9.14
TPPシンポでの発言――
JA全中 小林寛史 農政部長
TPPでアジアの多様な
農業が維持できるのか
TPPはアジア・太平洋地域の貿易を考える交渉です。アジアの農業はきわめて多様で、地形や土壌条件、あるいは気候、人口分布、食生活などに左右されながら、営まれています。貿易交渉でも農業の多様性に着目をしないと、公平・公正なルールができないと考えます。TPPは高い自由化基準での貿易ルール作りであり、農業の多様性が維持できるのか、疑問に思います。
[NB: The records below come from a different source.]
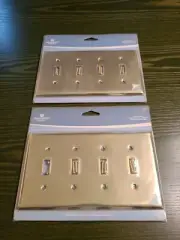 2 Polished Brass Retangular Quad Light Switch Toggle Cover Wall Plate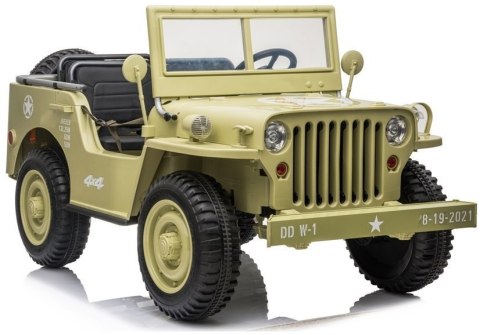 Auto na Akumulator JH101 Wojskowe Dla Dzieci Pilot Światło LED MP3 Khaki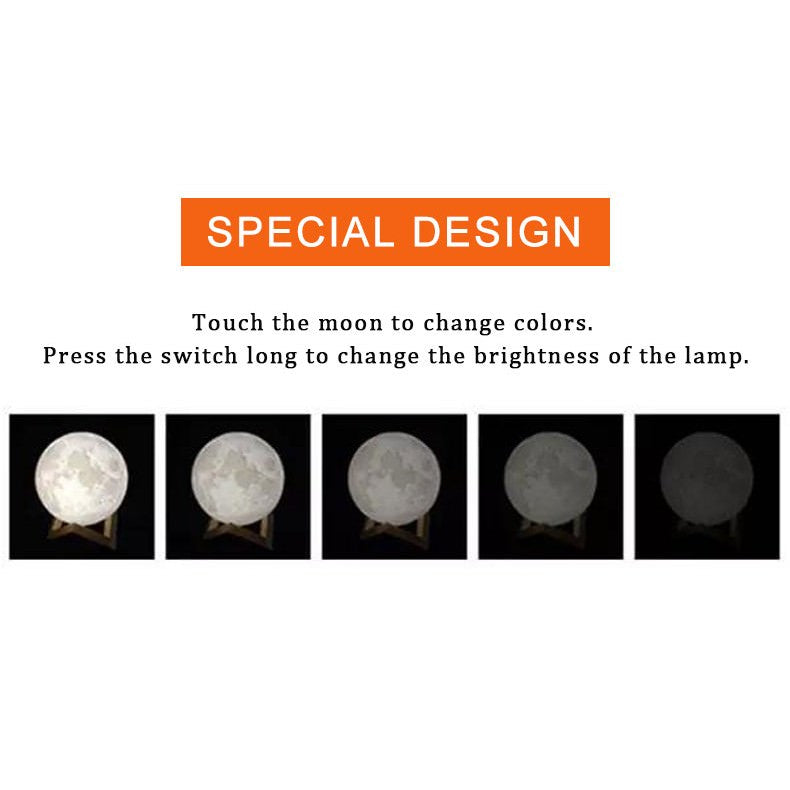 Lampa de veghe LED Luna 3D Moon Light Multicolor 13 cm Baterie Reincarcabila Telecomanda Stand din Lemn Schimbarea Culorilor prin Atingere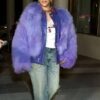 Rihanna Big Bird Purple Fur Jacket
2008年に燃油高騰に端を発して、食糧価格が世界的に高騰しましたが、その時に多くの国々で買い占めや輸出制限、社会不安を経験しました。食糧は人間が健康と生命を維持するのに、どうしても不可欠な物資です。それをTPPのように関税撤廃という単純な手法だけで対処していいのか。食糧問題はもっとていねいに扱わなければ、子子孫孫まで悪影響を及ぼすと思います。
アジア・太平洋地域には関税撤廃の議論の前にやらなければいけないこともたくさんあります。この地域には食糧輸出大国がいくつかありますが、概して輸出に関する貿易ルールは非常に甘い。また、2005年の香港でのWTO閣僚会議で、今年までにあらゆる輸出補助金を廃止することが合意されましたが、アメリカはいまだに輸出補助政策や、途上国への食糧援助という名のもとに過剰処理を行う枠組みを残しています。
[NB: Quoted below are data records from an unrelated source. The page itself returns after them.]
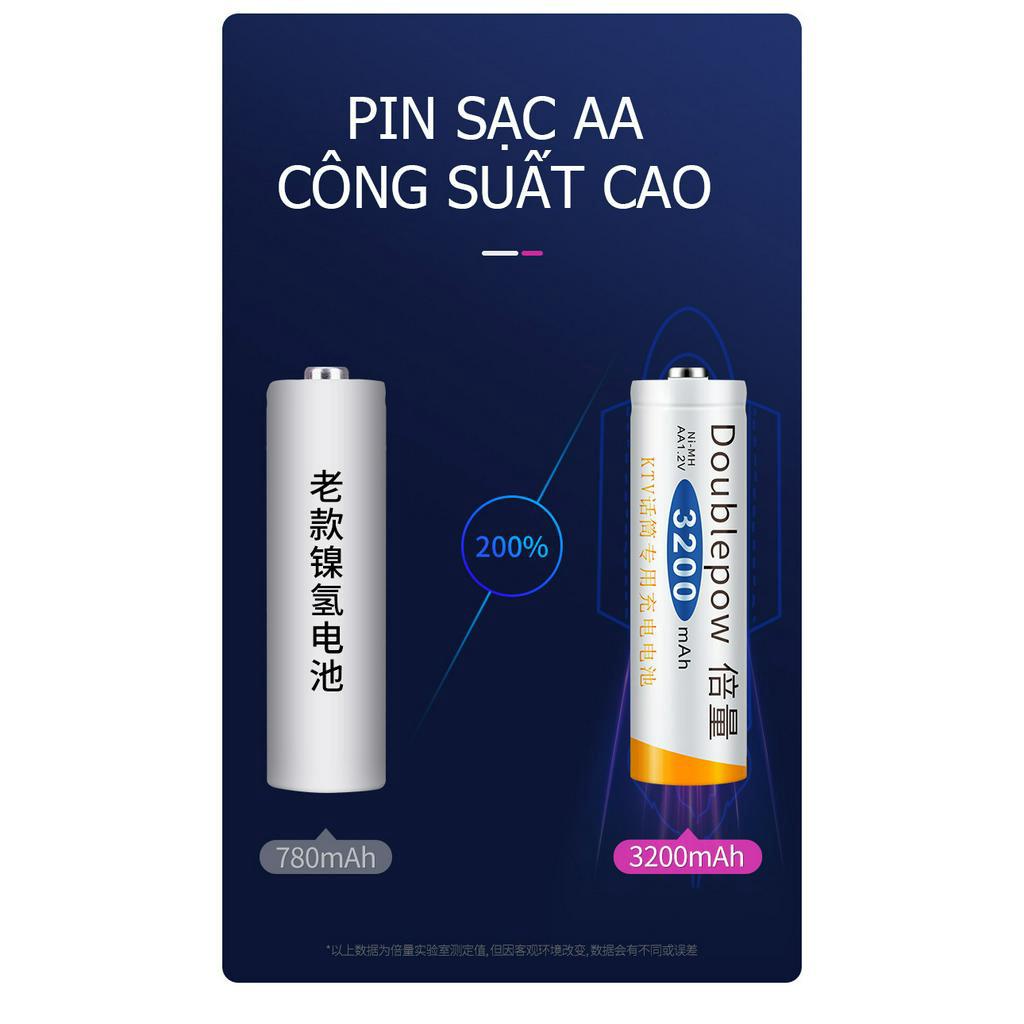 Sạc pin tiểu thông minh tự ngắt K98B, pin sạc AA 3200mAh dung lượng cao - chính hãng Doublepow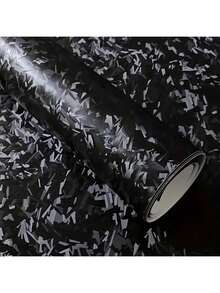 1 Roll Black Forged Carbon Fiber Color Change Car Wrap Film, Ice Crystal Shattered Carbon Interior Sticker, Excellent Stretchability, Built-In Air-Release Random Carbon Structure, With Air-Release Grooves, Low Installation Error Rate, New Personalized Carbon Texture Car Modification Sticker - One Size Fits All - View 2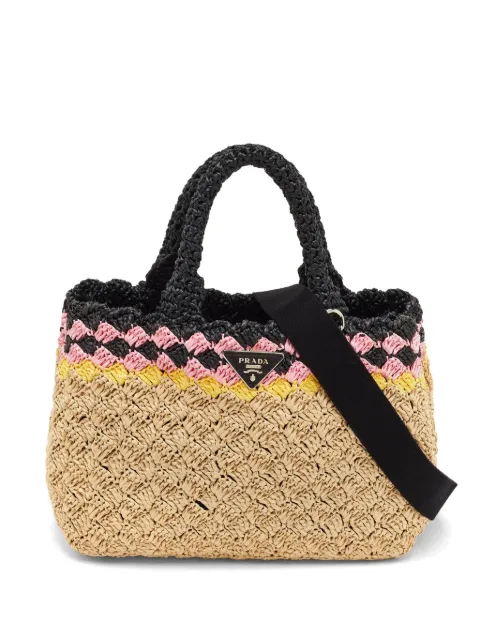 Prada Pre-Owned Canapa crochet tote bag Neutrals 1289311
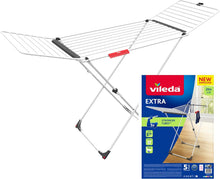 Carica l'immagine nel visualizzatore di Gallery, Vileda Extra Stendino da terra a Cavalletto, 20 m di stenditura, acciaio, con supporto per calzini e intimo, ruote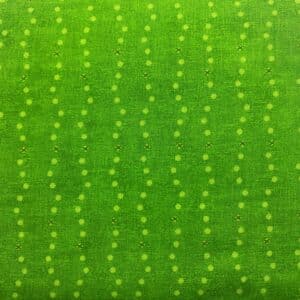 Patchwork stof - grøn med prikker og krydser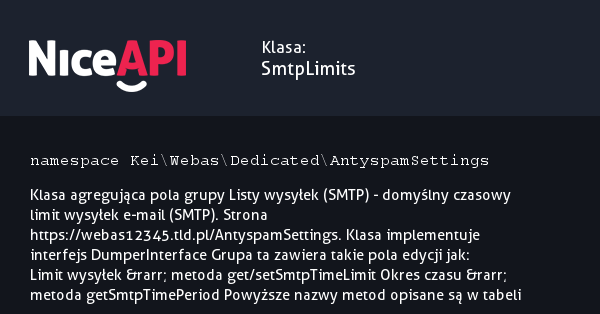 Klasa SmtpLimits · NiceAPI dla PHP 5.6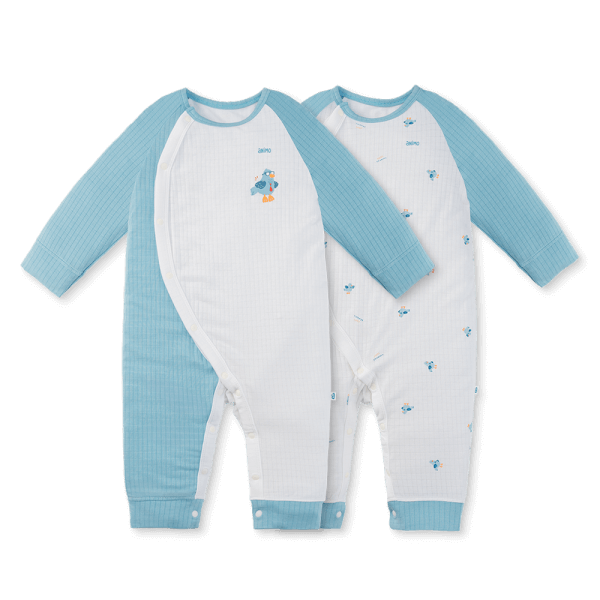 Set 2 bodysuit rayon chống muỗi dài Animo VD0425041 (0-12M,Dương-trắng,TT06)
最後に、日本は農産物の輸入国ですが、同時に工業製品の輸出国でもあります。われわれ農業者の立場からすれば、工業製品の輸出拡大のためのしわ寄せを全部農業分野に持ってこられるのでは、貿易交渉に政府が関与するメリットはまったくない。農業分野と工業分野を区分けして交渉する重要性も問題提起したいと思います。